Coalition gains in federal Resolve poll, but Labor increases lead in Victoria


AAP/Mick Tsikas

Adrian Beaumont, The University of MelbourneA Resolve poll for Nine newspapers, conducted August 17-21 from a sample of 1,607, gave the Coalition 40% of the primary vote (up two since August), Labor 32% (down three), the Greens 12% (steady), One Nation 2% (down two) and independents 10% (up three).

Resolve is not publishing a two party estimate, but analyst Kevin Bonham
estimated a 50-50 tie, a two-point gain for the Coalition since July. Given the continuing COVID lockdowns in NSW and Victoria, this poll is bad for Labor.

The last Newspoll in early August was 53-47 to Labor, and the last Morgan, in early to mid-August, was 54-46. Either there has been a shift back to the Coalition in the last week or so, or this poll is an outlier. There should be a Newspoll on Sunday night.

A plausible reason for a Coalition rebound is that the vaccination rollout pace has increased, particularly in NSW. In the UK, once there was some good news on vaccinations early this year, the Conservatives went from a near-tie to a high single digit lead that they have not yielded. The Coalition is also pushing for an end to the lockdowns once vaccination rates are above 70%.

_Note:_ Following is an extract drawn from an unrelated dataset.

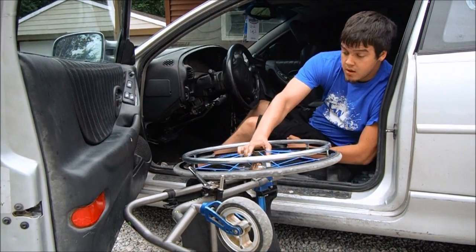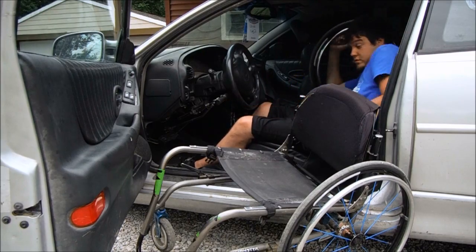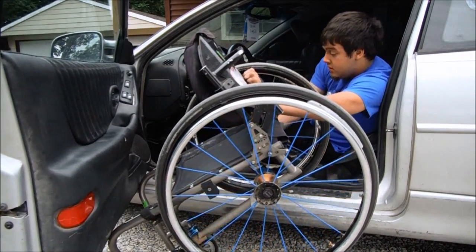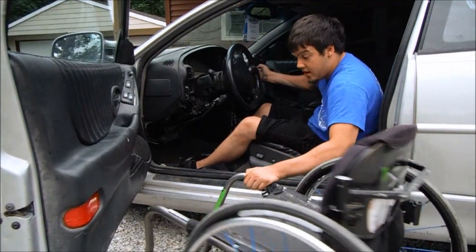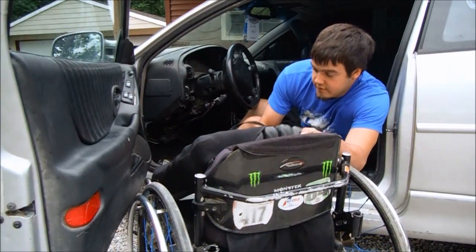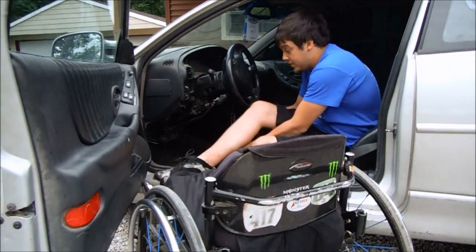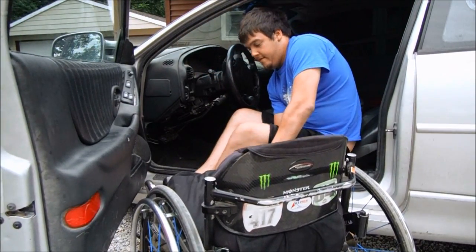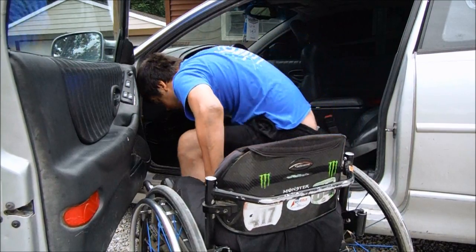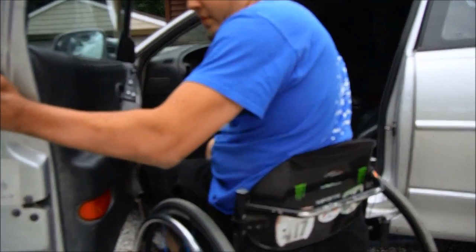Pop that wheel in, get this side ready, pop that side in. Set that where I need it, bring the cushion over, set it in place. Get my feet in place, get back to the edge, plant my feet where I need them. I go ahead and keep both feet out so they don't get caught, plant my hands, and in one swift motion — back in, get readjusted, and we're good to go.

Criticisms of Resolve poll

The Resolve poll can be criticised for only giving primary votes and not a two party estimate. While two party figures can be calculated from the primary votes by analysts, the media will focus on the primary votes. Australia uses preferential voting, not first past the post. Resolve should conform to our electoral system.

Another criticism is the very high vote for independents (10% in this poll). At the 2019 federal election, independents won 3.4% of the vote. With Resolve offering independent as an option in all seats, voters who are unsure who they will vote for are likely to park their votes with independents.




Read more:
Craig Kelly’s move to Palmer’s United Australia Party shows the need for urgent electoral law reform


Other results from this poll

46% thought Scott Morrison’s performance in recent weeks was good and 46% poor. After rounding, his net rating was -1, unchanged since July. Anthony Albanese’s net rating dropped three points to -19. Morrison led Albanese by 46-23 as preferred PM (45-24 in July).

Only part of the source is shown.